◆ Exercise requirements: Your answer should be the lines below from the one holding "Here's the potable" through the one holding "Feel free to", copied exactly and with nothing else.

◆ Provided records:

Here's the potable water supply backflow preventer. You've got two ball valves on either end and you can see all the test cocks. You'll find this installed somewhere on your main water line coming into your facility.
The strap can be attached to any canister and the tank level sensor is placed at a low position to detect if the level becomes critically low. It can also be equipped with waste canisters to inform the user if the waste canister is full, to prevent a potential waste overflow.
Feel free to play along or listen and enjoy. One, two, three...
--
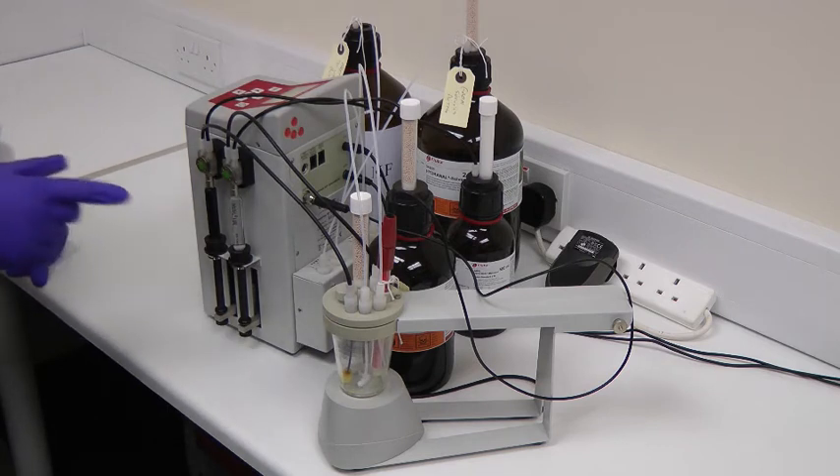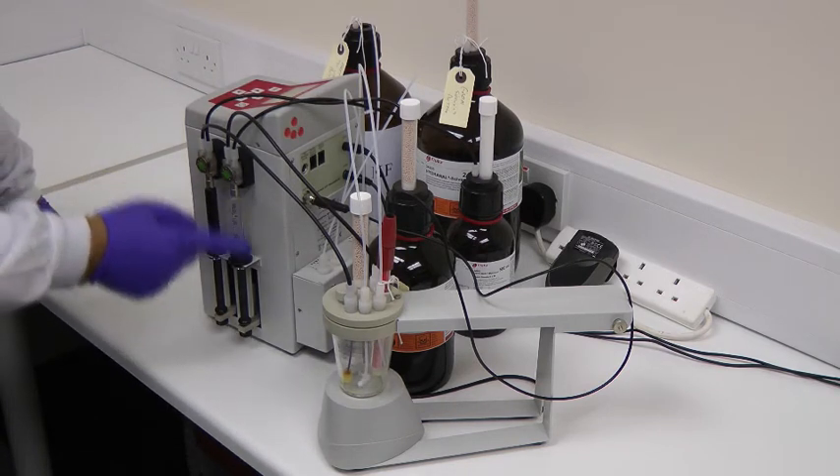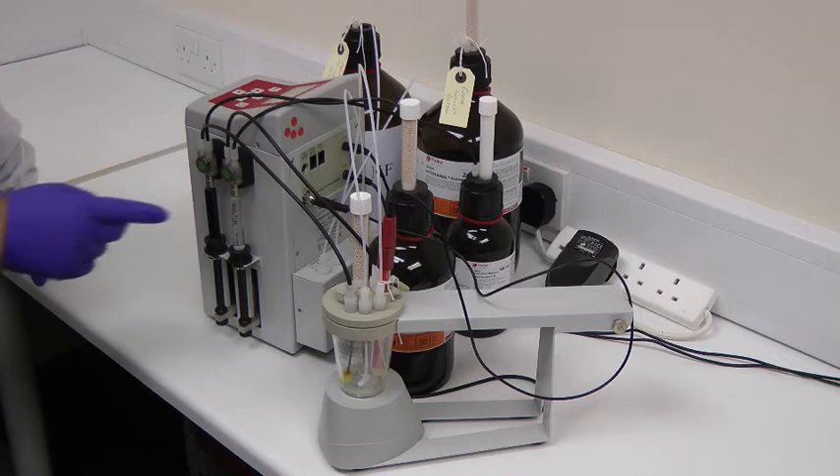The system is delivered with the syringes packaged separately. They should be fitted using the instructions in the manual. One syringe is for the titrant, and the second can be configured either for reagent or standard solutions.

◆ Task response:
Here's the potable water supply backflow preventer. You've got two ball valves on either end and you can see all the test cocks. You'll find this installed somewhere on your main water line coming into your facility.
The strap can be attached to any canister and the tank level sensor is placed at a low position to detect if the level becomes critically low. It can also be equipped with waste canisters to inform the user if the waste canister is full, to prevent a potential waste overflow.
Feel free to play along or listen and enjoy. One, two, three...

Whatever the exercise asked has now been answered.